→ **Provided information**:
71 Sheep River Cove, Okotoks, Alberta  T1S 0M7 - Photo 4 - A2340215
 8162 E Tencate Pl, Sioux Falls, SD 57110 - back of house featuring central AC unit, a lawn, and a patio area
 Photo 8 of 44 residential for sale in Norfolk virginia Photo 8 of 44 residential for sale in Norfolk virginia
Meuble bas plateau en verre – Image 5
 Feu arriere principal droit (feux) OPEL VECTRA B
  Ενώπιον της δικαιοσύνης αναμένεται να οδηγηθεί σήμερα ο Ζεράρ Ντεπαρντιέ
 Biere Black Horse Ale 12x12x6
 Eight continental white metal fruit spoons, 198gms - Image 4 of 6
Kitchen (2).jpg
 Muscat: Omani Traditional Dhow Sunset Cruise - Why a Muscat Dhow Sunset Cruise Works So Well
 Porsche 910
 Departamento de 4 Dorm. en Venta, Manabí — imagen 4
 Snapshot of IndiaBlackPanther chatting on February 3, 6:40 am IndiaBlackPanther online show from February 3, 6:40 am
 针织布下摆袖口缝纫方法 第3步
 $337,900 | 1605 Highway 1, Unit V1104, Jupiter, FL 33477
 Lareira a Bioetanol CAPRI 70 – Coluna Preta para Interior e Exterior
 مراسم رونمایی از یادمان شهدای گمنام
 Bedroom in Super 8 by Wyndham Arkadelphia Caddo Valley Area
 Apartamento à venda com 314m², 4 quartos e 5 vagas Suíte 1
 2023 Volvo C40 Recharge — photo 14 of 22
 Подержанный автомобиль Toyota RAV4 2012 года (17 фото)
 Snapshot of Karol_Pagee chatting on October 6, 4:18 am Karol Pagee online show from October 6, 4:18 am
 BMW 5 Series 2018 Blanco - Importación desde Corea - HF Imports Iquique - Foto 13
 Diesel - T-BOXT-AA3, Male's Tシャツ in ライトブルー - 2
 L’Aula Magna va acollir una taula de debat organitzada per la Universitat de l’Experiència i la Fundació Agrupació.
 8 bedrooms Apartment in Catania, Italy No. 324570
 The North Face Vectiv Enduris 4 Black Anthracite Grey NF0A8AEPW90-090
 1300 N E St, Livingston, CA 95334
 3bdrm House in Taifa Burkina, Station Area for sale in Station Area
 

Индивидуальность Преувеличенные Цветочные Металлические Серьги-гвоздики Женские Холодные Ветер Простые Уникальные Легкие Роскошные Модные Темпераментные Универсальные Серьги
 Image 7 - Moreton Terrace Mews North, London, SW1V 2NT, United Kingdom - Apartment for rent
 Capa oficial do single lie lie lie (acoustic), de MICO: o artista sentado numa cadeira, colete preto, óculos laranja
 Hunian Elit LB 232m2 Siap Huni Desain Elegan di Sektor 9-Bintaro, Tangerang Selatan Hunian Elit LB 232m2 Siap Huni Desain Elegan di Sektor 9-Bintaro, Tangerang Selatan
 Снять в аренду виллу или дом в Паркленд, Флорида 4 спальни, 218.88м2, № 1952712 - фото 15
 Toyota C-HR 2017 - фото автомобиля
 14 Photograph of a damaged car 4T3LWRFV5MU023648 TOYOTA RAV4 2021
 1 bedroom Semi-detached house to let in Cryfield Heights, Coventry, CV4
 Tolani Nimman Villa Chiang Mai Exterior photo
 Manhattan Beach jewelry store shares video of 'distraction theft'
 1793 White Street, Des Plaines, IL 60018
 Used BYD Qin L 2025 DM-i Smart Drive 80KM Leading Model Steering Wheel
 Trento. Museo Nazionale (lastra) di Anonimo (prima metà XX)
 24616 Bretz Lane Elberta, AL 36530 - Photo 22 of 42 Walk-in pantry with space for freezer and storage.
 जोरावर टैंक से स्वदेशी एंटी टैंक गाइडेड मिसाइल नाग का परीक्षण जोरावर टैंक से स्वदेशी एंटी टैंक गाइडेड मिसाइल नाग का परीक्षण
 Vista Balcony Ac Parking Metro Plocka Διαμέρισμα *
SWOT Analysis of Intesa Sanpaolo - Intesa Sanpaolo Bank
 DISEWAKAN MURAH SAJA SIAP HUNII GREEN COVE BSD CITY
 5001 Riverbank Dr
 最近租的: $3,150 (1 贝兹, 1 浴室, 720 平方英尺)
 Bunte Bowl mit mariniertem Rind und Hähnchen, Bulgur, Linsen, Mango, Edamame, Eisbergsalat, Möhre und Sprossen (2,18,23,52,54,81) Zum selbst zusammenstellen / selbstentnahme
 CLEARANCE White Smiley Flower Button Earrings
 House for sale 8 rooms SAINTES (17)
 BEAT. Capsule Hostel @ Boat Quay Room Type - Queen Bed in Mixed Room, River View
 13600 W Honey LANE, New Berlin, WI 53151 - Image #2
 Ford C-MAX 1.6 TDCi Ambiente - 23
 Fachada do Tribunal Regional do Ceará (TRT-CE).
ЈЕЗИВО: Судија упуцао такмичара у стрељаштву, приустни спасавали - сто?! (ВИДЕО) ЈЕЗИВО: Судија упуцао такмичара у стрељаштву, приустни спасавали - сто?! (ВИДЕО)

→ **Task instructions**: What you give back should be only the lines of the records above, starting at the line with "Manhattan Beach jewelry" and ending at the line with "Vista Balcony Ac", restated word for word.

→ **Response area**:
 Manhattan Beach jewelry store shares video of 'distraction theft'
 1793 White Street, Des Plaines, IL 60018
 Used BYD Qin L 2025 DM-i Smart Drive 80KM Leading Model Steering Wheel
 Trento. Museo Nazionale (lastra) di Anonimo (prima metà XX)
 24616 Bretz Lane Elberta, AL 36530 - Photo 22 of 42 Walk-in pantry with space for freezer and storage.
 जोरावर टैंक से स्वदेशी एंटी टैंक गाइडेड मिसाइल नाग का परीक्षण जोरावर टैंक से स्वदेशी एंटी टैंक गाइडेड मिसाइल नाग का परीक्षण
 Vista Balcony Ac Parking Metro Plocka Διαμέρισμα *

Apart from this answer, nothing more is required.